Davullar çalsa, zurnalar söyleseydi
Bağrımıza bassaydık seni Nazım,
Yapardım mutluluğun resmini
Başında delikanlı şapkan,
kolların sıvalı, kavgaya hazır
Bahriyeli adımlarla düşüp yola
Gidebilseydik Meserret Kahvesine,
İlk karşılaştığımız yere
Ve bir acı kahvemi içseydin.
Anlatsaydık
o günlerden, geçmişten, gelecekten,
Ne günler biterdi,
Ne geceler...
Dinerdi tüm acılar seninle
Bir düş olurdu ayrılığımız,
anılarda kalan.
Ve dolaşsaydık Türkiye'yi
bir baştan bir başa.
Yattığımız yerler müze olmuş,
Sürgün şehirler cennet.
İşte o zaman Nazım,
Yapardım mutluluğun resmini
Buna da ne tual yeterdi;
ne boya...
Abidin Dino
DENİZ AKSEN'İN "BİR İNTERNET HURAFESİ" YAZISINDAN...

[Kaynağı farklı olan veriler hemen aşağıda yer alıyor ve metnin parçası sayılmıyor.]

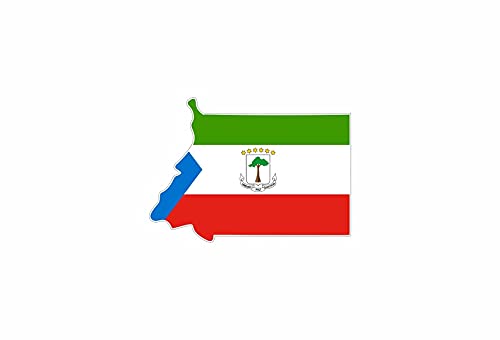 Akachafactory Autocollant Sticker Vinyl Voiture Moto adhesif Carte Drapeau guinée equatoriale guinéen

-----------------------------------------------------
Abidin Dino Üstüne
Sen mutluluğun resmini yapabilir misin Abidin
işin kolayına kaçmadan ama
gül yanaklı bebesini emziren melek yüzlü anneceğin resmini değil
ne de ak örtüde elmaların
ne de akvaryumda su kabarcıklarının arasında dolanan kırmızı balığınkini
sen mutluluğun resmini yapabilir misin Abidin
1961 yazı ortalarında Kübanın resmini yapabilir misin..
Nazım Hikmet
Kırk yılı aşkın bir süredir yurdundan uzakta yaşamasına karşın, resminde Türkiye’nin geleneksel kültürüne olan ilgisini her zaman canlı tutmayı başarabilen Abidin Dino 7 Aralık 1993’te Paris’te
öldü.
1913’te İstanbul’da doğan Abidin Dino, küçük yaşta beliren rsim sevgisinin etkisiyle Robert kolej’deki öğrenimini yarıda bırakarak, ağabeyi Arif Dino’nun da desteğiyle kendisini resim ve karikatür alanlarında yetiştirdi; yapıtlarını Babıâli’de çeşitli gazete ve dergilerde yayımlamaya başladı. 1933’te kurucularından biri olduğu D Grubu’nun ilk sergisinde yer alan desenlerini, o sırada Türkiye’de çalışmalar yapan Sovyet sinemacı Yutkeviç’in beğenerek çağrıda bulunması üzerine, 1934’te gittği Sovyetler Birliği’nde 1937’ye kadar ressam ve dekoratör olarak film çekimlerine katıldı.
Bir yıl da Paris’te kalarak dönemin ünlü sanatçılarıyla ve bu arada, bir süre etkisi altında kaldığı Picasso ile ilişki kuran Abidin Dino Türkiye’ye dönüşünde, giderek yerel ve kendine özgü bir bireşime ulaştı; 1940’ta Liman Ressamları adıyla da bilinen toplumsal gerçekçi Yeniler Grubu’na katıldı.
1941’de siyasal görüşleri yüzünden İstanbul’dan uzaklaştırılan Dino, 1946’ya kadar kaldığı Güney Anadolu’da yaptığı resimlerde köy yaşamını işleme olanağı buldu; bu döneminde bir yandan da heykelle ilgilendi. 1952’de Paris’e yerleşen sanatçının İşkence, Atom Korkusu, Savaş ve Barış, Çıplaklar, Dört Kent, Dağ-Deniz gibi birçok yapıtı çeşitli galeri, müze ve koleksiyonlarda yer aldı. Abidin Dino’nun cenazesi 16 Aralık’ta İstanbul’a getirilerek Aşiyan Mezarlığı’nda toprağa verildi.